Suïcidepreventie van globaal tot lokaal: wat zegt het WHO-wereldrapport over suïcidepreventie?

Karl Andriessen

| Tijdschrift Klinische Psychologie, 2015, 45(1), 4-8 |

Tien september is de Werelddag van de Suïcidepreventie.1 Deze dag werd enkele jaren geleden
in het leven geroepen door de World Health Organization (WHO) in samenwerking met de
International Association for Suicide Prevention (IASP). De werelddag van 20142 staat geboekstaafd
als de dag waarop de WHO het wereldrapport over suïcidepreventie voorstelde: Preventing
suicide: A global imperative (WHO, 2014).
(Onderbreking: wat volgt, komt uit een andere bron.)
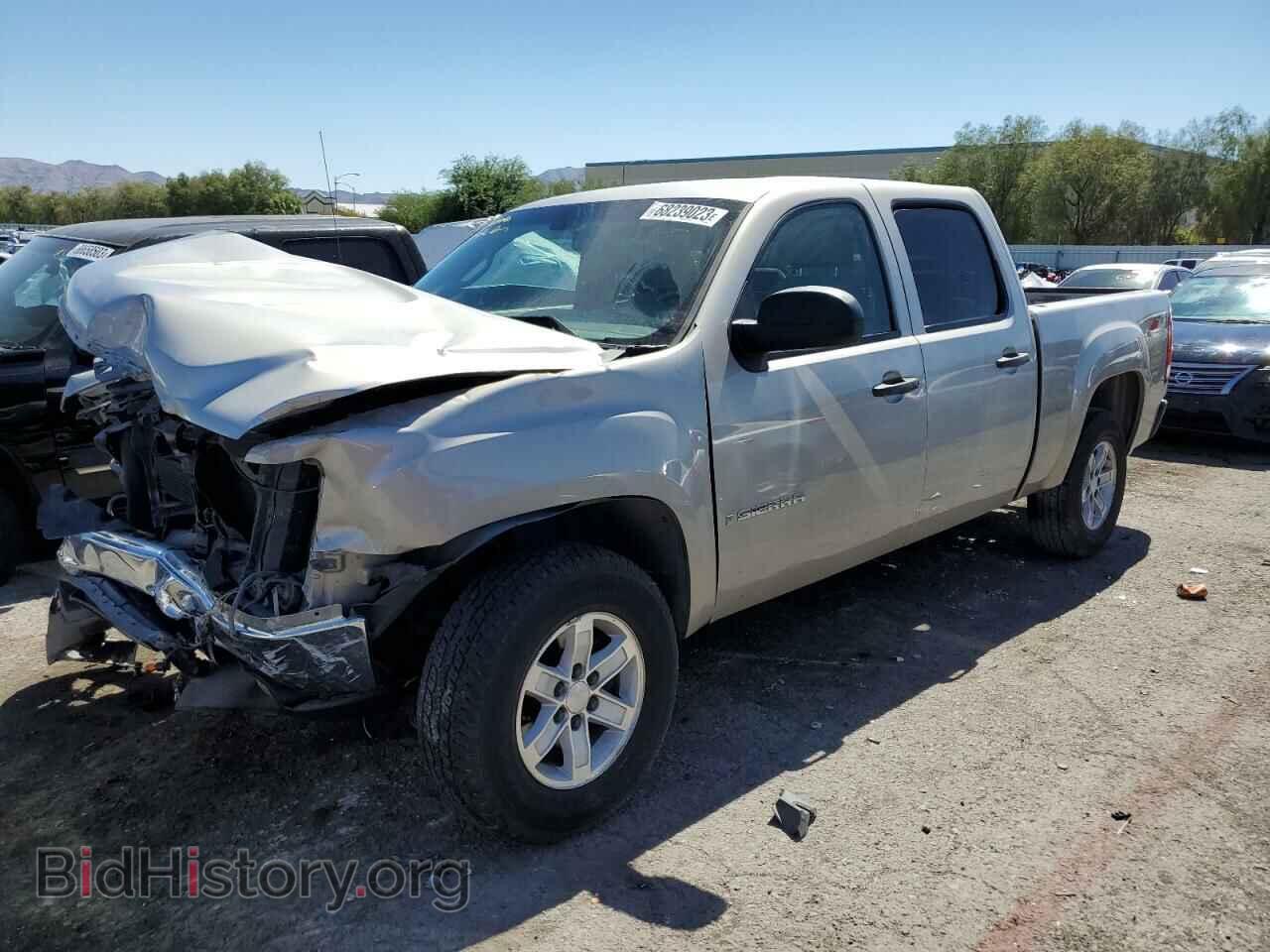 Фотография 2GTEK13M171617183 - GMC SIERRA 2007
Gedurende de voorbije decennia heeft de WHO wel
vaker initiatieven genomen of gesteund met betrekking tot suïcidepreventie, denk bijvoorbeeld
aan Suicide Prevention (SUPRE) en het SUPRE-MISS-project3 (Multisite Intervention Study on
Suicidal Behaviours) waaruit onder andere de bekende ‘blauwe boekjes’ met aanbevelingen
voor huisartsen, hulpverleners, schoolpersoneel, gevangenissen, enzovoort zijn voortgekomen4;
de WHO/EURO Multicentre Study on Suicidal Behaviour, een grootschalige studie op
verschillende locaties (onder andere in Gent) over suïcidepogingen (De Leo, Bille-Brahe, Kerkhof,
& Schmidtke, 2004; Schmidtke, Bille-Brahe, De Leo, & Kerkhof, 2004); of het wereldrapport
over geweld en gezondheid (Krug, Dahlberg, Mercy, Zwi, & Lozano, 2002). Dat de WHO,
die zich primair bekommert om gezondheid, voor het eerst een zwaarwichtig document opstelt
over een gedrag, kan zonder meer als een mijlpaal worden beschouwd (De Leo, 2014).